In previous work, neuroscientists have induced various kinds of out-of-body experiences using similar techniques. The brain is so easily tricked, they say, precisely because it has spent a lifetime in its own body. It builds models of the world instantaneously, based on lived experience and using split-second assumptions — namely, that the eyes are attached to the skull.
Sounds like a good way to vivify study of the Abhidharma and its precise delineation of our momentary experience.
The possible therapeutic applications of the body swapping described in the article also seem to dovetail nicely with the Buddhist agenda of developing compassion and understanding and diffusing animosity. The article notes:
. . . those who seek help for relationship problems, in particular, often begin to moderate their behavior only after they have worked to see the encounters in their daily life from others’ point of view.
“This is especially true for adolescents, who are so self-involved, and also for people who come in with anger problems and are more interested in changing everyone else in their life than themselves,” said Kristene Doyle, director of clinical services at the Albert Ellis Institute in New York.

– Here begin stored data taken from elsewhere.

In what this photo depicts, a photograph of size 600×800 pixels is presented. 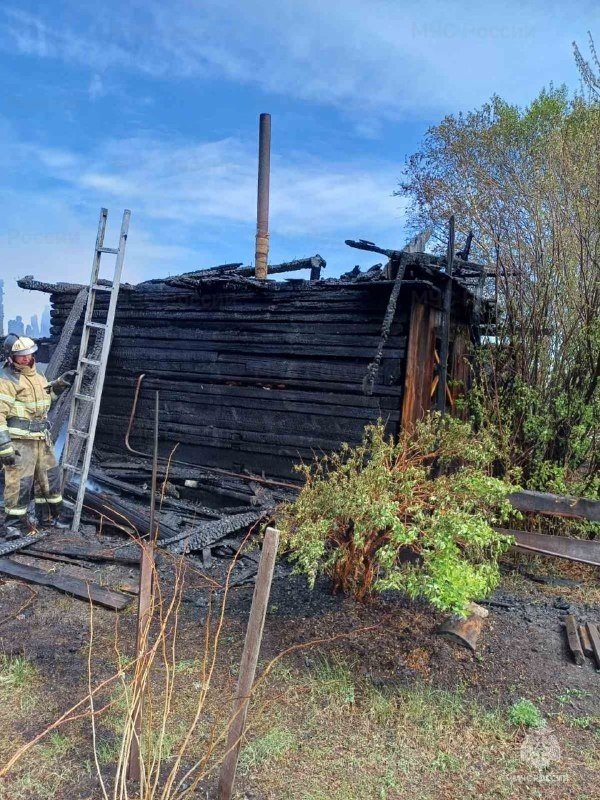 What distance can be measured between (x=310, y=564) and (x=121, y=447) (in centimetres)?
750

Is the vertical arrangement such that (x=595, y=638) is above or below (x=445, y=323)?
below

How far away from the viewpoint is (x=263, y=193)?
44.3 feet

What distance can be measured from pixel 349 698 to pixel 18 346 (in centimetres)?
633

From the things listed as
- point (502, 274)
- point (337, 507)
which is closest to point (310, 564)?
point (337, 507)

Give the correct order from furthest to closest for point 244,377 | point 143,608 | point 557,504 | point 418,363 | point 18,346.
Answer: point 244,377, point 418,363, point 18,346, point 557,504, point 143,608

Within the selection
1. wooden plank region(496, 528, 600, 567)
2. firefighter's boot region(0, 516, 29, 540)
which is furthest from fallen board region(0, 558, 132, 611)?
wooden plank region(496, 528, 600, 567)

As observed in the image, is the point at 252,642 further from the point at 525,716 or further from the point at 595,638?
the point at 595,638

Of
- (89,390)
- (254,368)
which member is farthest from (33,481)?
(254,368)

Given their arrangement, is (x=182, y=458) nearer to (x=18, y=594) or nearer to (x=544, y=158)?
(x=18, y=594)

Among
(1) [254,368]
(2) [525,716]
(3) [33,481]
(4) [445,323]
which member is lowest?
(2) [525,716]

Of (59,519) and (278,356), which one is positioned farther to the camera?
(278,356)

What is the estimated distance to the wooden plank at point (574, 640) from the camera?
5077 mm

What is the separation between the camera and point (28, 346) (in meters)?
8.21

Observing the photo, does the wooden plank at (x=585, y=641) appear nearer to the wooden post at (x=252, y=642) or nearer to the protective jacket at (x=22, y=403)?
the wooden post at (x=252, y=642) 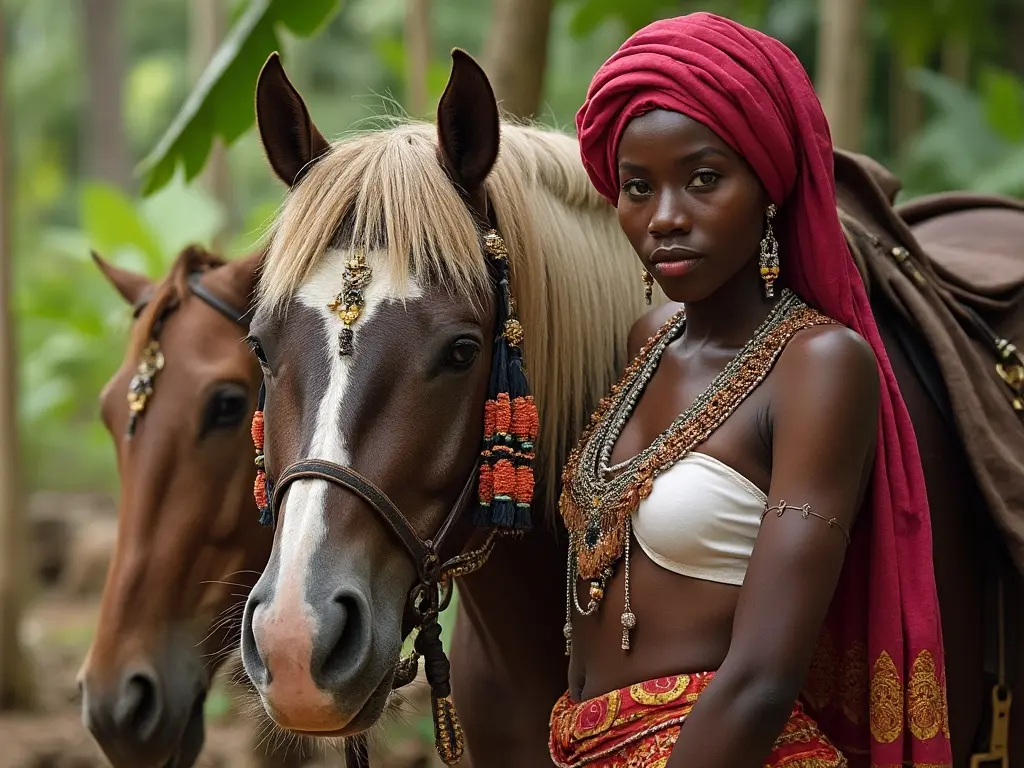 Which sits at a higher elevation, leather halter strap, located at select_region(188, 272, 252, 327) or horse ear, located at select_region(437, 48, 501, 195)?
horse ear, located at select_region(437, 48, 501, 195)

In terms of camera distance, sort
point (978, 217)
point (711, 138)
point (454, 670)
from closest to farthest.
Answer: point (711, 138) < point (454, 670) < point (978, 217)

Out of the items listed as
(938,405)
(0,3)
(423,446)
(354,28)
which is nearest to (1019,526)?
(938,405)

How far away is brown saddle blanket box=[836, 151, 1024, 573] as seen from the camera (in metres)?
2.40

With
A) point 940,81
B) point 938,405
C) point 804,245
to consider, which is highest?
point 940,81

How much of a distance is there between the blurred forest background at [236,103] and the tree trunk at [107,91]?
34 millimetres

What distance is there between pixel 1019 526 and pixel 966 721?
17.8 inches

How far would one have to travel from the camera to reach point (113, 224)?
870 centimetres

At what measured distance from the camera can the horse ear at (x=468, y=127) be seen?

One important goal of therapy in such cases, Dr. Doyle said, is to get people to generate alternative explanations for others’ behavior — before they themselves react.
The evidence that inhabiting another’s perspective can change behavior comes in part from virtual-reality experiments
[such as this one].
Maybe one day, before our lojong contemplation sessions at the local dharma center, we’ll be strapping on a pair of goggles.